Last night I watched the first half of the Oscars with other people, and I watched the second half while on my laptop. It really was an amazing difference. It’s true that I found James Franco’s hosting a little withdrawn and unengaged, but the show wasn’t going all that terribly. Every little thing that felt a little off was just brushed aside until the next one. Oprah Winfrey lingering by the microphone a few seconds too long was just a funny little thing.
But when I logged on to Twitter I was surprised to discover that I had been watching the worst Oscars telecast of all time. (Quick question: How many moments from the last five Oscars do you vividly remember?) This, I was told, was a train wreck, derailing the careers of its hosts and threatening to kill Kirk Douglas with its length and tediousness.

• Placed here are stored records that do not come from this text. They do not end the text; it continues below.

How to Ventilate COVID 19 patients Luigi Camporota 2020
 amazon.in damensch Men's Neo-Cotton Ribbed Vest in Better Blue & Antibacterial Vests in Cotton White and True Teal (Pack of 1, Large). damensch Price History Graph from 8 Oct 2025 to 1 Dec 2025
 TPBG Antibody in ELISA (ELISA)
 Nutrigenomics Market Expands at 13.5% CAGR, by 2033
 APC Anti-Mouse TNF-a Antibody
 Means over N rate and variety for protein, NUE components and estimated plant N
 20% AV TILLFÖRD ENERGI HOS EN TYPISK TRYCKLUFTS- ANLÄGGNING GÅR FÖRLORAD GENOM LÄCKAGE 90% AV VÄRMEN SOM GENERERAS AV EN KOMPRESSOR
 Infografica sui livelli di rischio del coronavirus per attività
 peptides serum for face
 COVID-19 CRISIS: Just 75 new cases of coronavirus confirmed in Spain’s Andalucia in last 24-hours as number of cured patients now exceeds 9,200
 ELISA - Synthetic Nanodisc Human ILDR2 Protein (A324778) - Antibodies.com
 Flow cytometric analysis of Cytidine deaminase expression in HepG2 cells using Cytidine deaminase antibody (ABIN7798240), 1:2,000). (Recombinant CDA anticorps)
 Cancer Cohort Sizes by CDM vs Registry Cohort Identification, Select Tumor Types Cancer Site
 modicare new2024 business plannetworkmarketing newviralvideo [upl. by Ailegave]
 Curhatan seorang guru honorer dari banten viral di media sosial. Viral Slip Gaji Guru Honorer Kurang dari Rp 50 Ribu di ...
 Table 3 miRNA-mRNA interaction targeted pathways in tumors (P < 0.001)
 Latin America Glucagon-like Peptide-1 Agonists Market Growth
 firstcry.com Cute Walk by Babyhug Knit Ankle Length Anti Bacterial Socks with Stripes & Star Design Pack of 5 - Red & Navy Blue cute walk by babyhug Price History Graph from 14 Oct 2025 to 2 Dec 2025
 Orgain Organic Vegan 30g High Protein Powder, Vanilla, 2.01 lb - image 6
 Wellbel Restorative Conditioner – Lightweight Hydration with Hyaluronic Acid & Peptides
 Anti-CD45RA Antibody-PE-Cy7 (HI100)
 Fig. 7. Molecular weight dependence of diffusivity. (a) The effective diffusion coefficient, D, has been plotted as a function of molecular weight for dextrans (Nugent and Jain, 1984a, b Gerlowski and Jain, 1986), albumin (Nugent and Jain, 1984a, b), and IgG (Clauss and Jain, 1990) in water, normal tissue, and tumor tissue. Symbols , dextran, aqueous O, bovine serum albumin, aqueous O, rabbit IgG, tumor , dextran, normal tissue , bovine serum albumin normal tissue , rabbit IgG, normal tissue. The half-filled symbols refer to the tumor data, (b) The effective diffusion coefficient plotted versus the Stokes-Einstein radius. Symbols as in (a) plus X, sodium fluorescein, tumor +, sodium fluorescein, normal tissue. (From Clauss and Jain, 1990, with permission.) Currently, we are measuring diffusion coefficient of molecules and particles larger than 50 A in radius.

What gives? It’s the Twitter model. Twitter is less a site for conversations than it is a venue for one-liners, with the best ones being retweeted by others, leading to more followers and thus higher prestige. It’s a market that only rewards extreme opinions. Would you be wowed by the wit of someone who tweeted, “That was ok” after the host’s opening monologue?
Even most of the people tweeting their little jokes about the telecast had to be doing it without truly believing what they were saying. Everyone who complained about how long the show was going had to know that the Oscars always go long. This year was pretty good, actually, running only 15 minutes long. You try timing a live event where 24 people are invited to give speeches.
The point is, that much negativity bubbling up so quickly and so unanimously can’t be a good thing, especially with almost no optimism to counterbalance it. Can social media really be a valuable tool if it almost by necessity demands cynicism and shuns sincerity? I don’t think I’d like to live in a world where the people who panned the Oscars had to plan the show themselves.
P.S. Please don’t take this to mean we shouldn’t criticize Franco’s performance. He was dreadful in the worst way imaginable, as if he knew what he was doing would piss most people off, and he didn’t care. That’s unforgivable in an event that it supposed to be fun.